• _Your task_
From the line with "3x3 Flickering Flameless" to the final line of the data below, please write out every line exactly, with no pictures.

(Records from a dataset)
*** Begin section ***
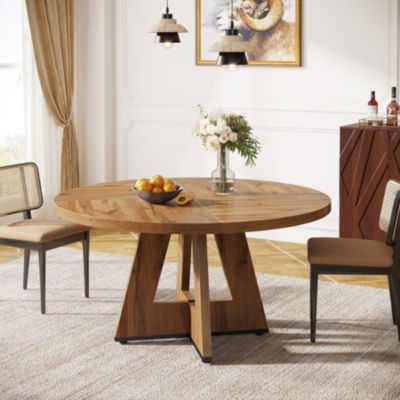 47" Round Wood Dining Table – Farmhouse Kitchen Table for 4 with Wooden Top and Legs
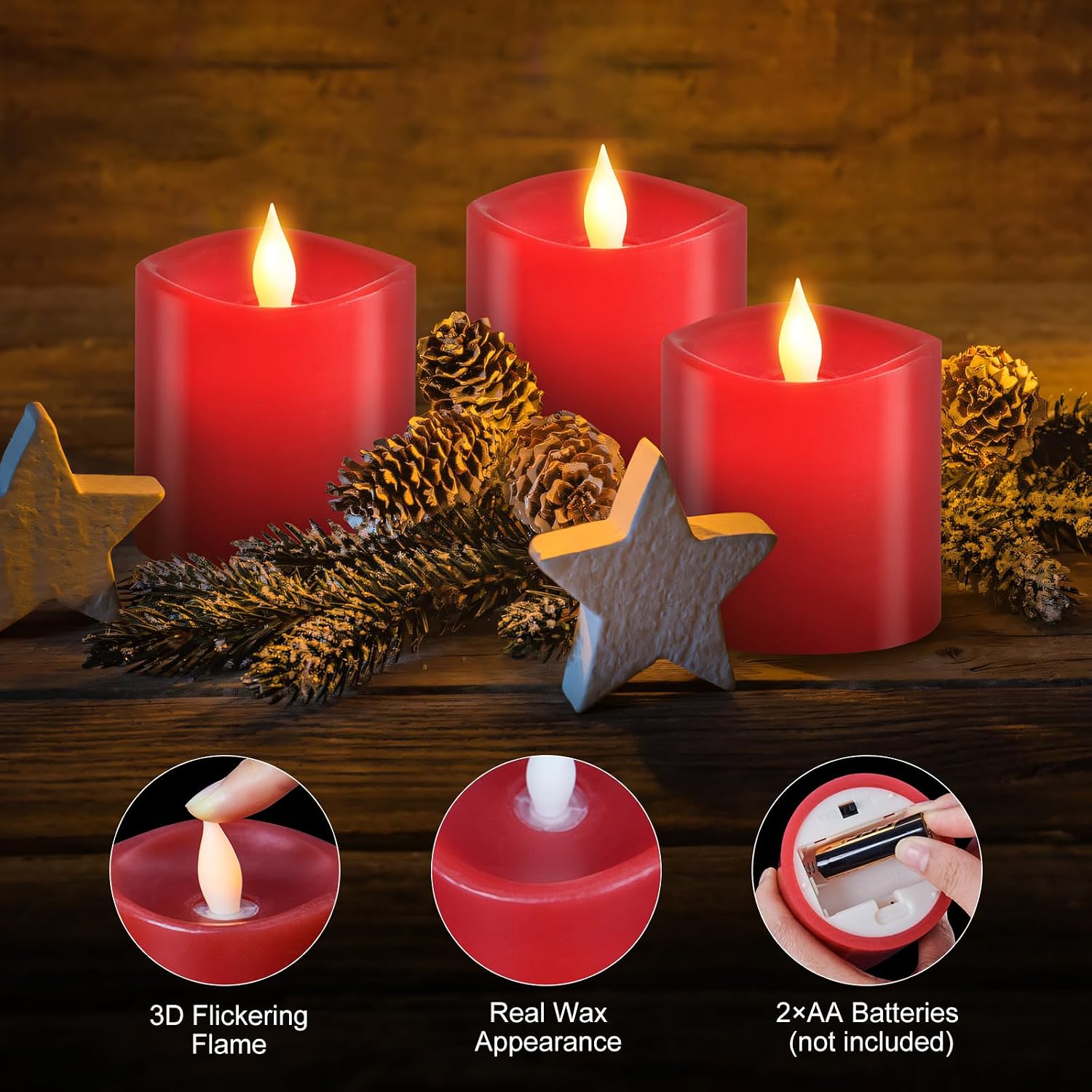 3x3 Flickering Flameless Candles Set of 3, LED Battery Candles,with Timer, 3 inch Flameless Candles with Remote, for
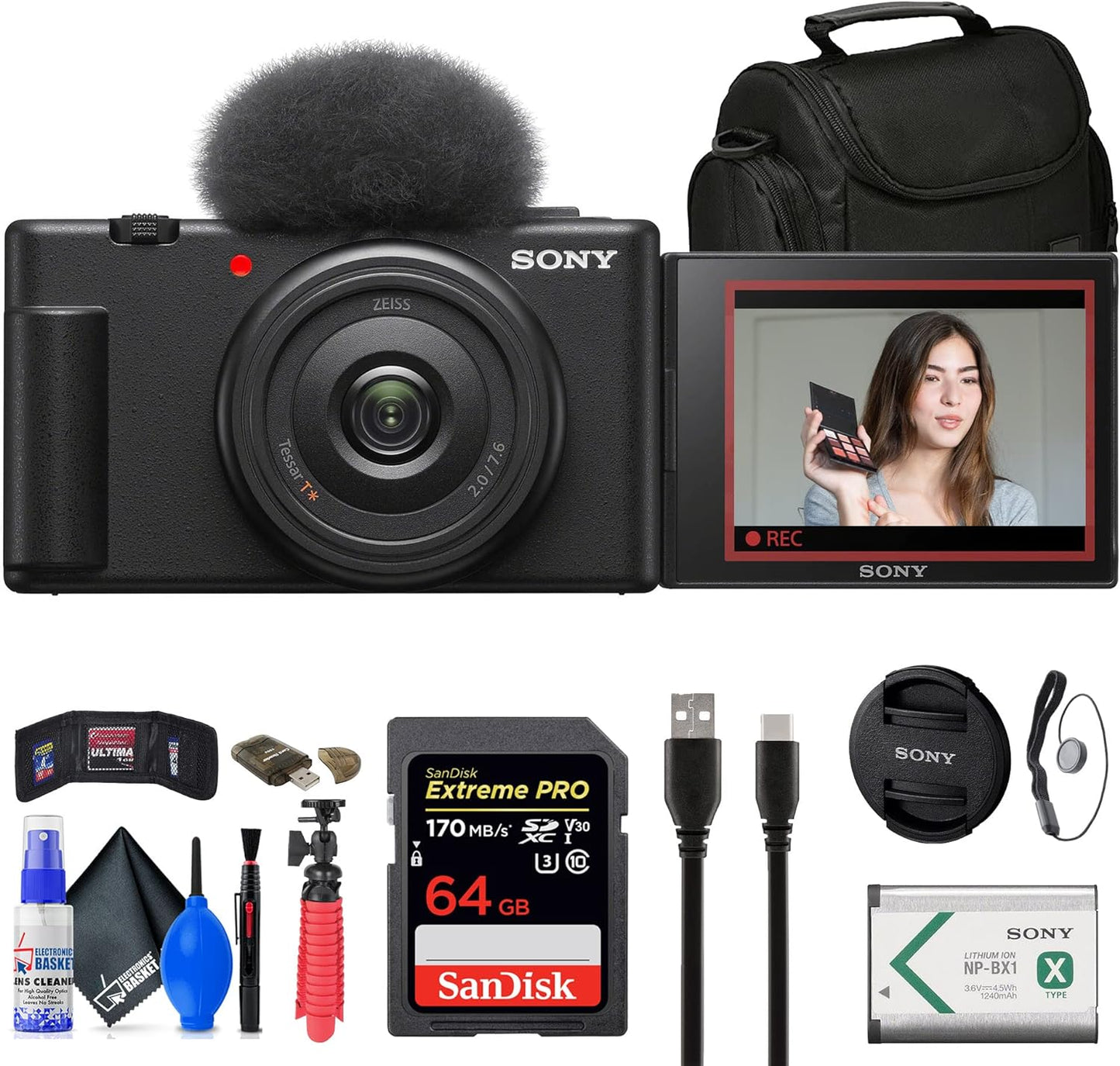 Sony ZV1F/B Vlogging Camera Bundle Black Renewed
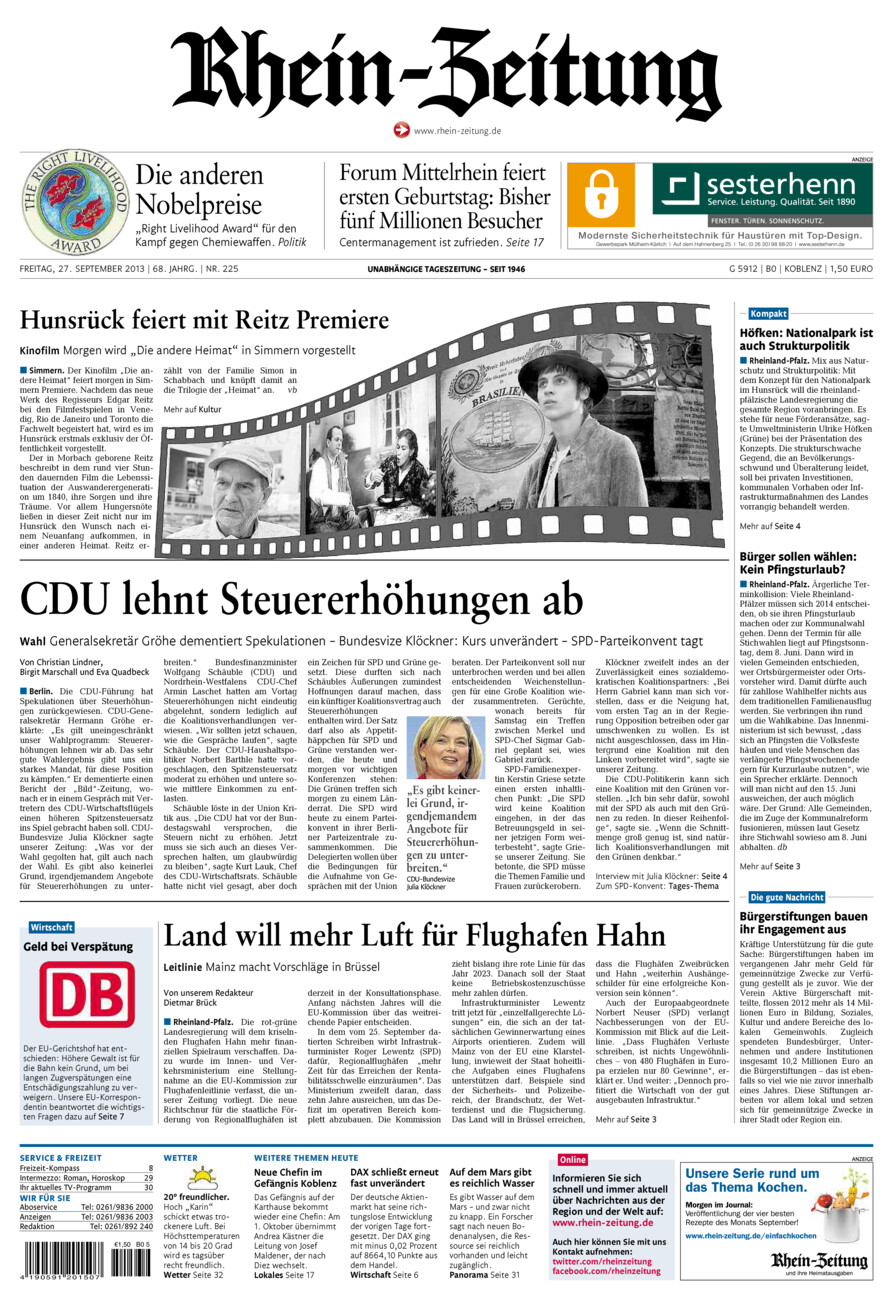 Rhein-Zeitung Koblenz & Region vom Freitag, 27.09.2013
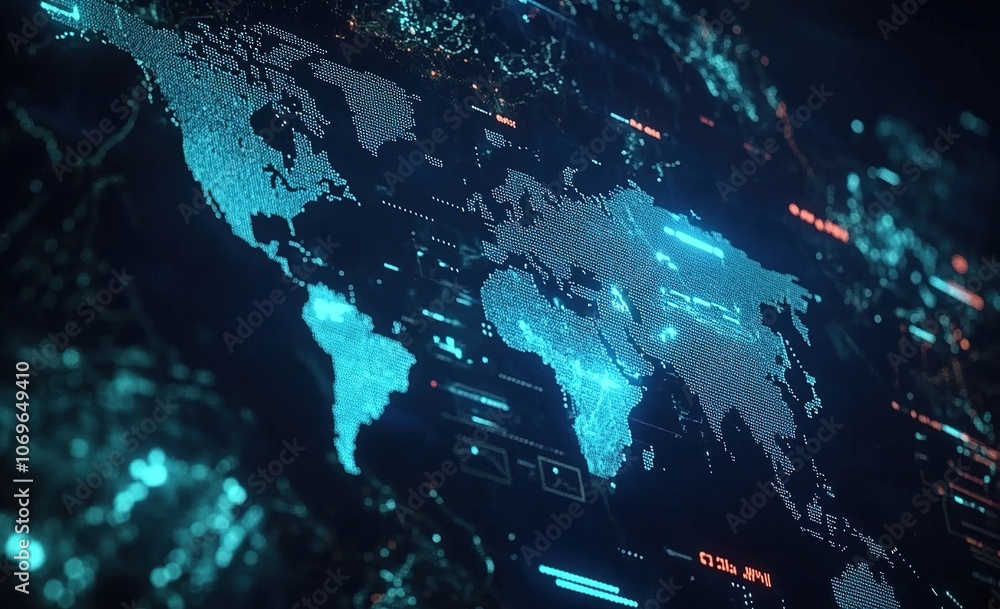 Poster a digital world map with glowing blue lines and dots, representing global connectivity and data flow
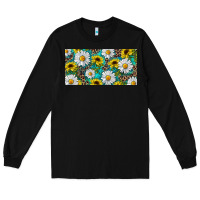 Black Sunflower And Daisy With Leopard Long Sleeve Tee - RanaPortraitStore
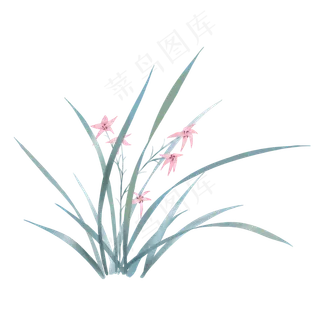 春天兰花紫花水墨小花,免抠元素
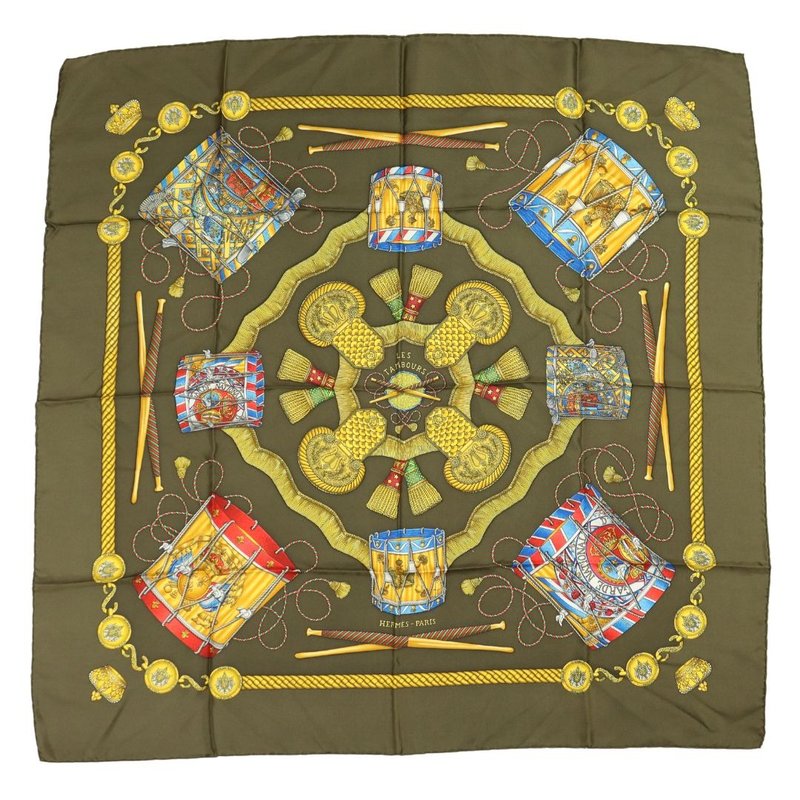 Hermes Carre 90 Tambour Taiko Brown Scarf - 01226 - Scarves - Silk Multicolor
*** End section ***
• _Your response_
 3x3 Flickering Flameless Candles Set of 3, LED Battery Candles,with Timer, 3 inch Flameless Candles with Remote, for
 Sony ZV1F/B Vlogging Camera Bundle Black Renewed
 Rhein-Zeitung Koblenz & Region vom Freitag, 27.09.2013
 Poster a digital world map with glowing blue lines and dots, representing global connectivity and data flow
 Black Sunflower And Daisy With Leopard Long Sleeve Tee - RanaPortraitStore
 春天兰花紫花水墨小花,免抠元素
 Hermes Carre 90 Tambour Taiko Brown Scarf - 01226 - Scarves - Silk Multicolor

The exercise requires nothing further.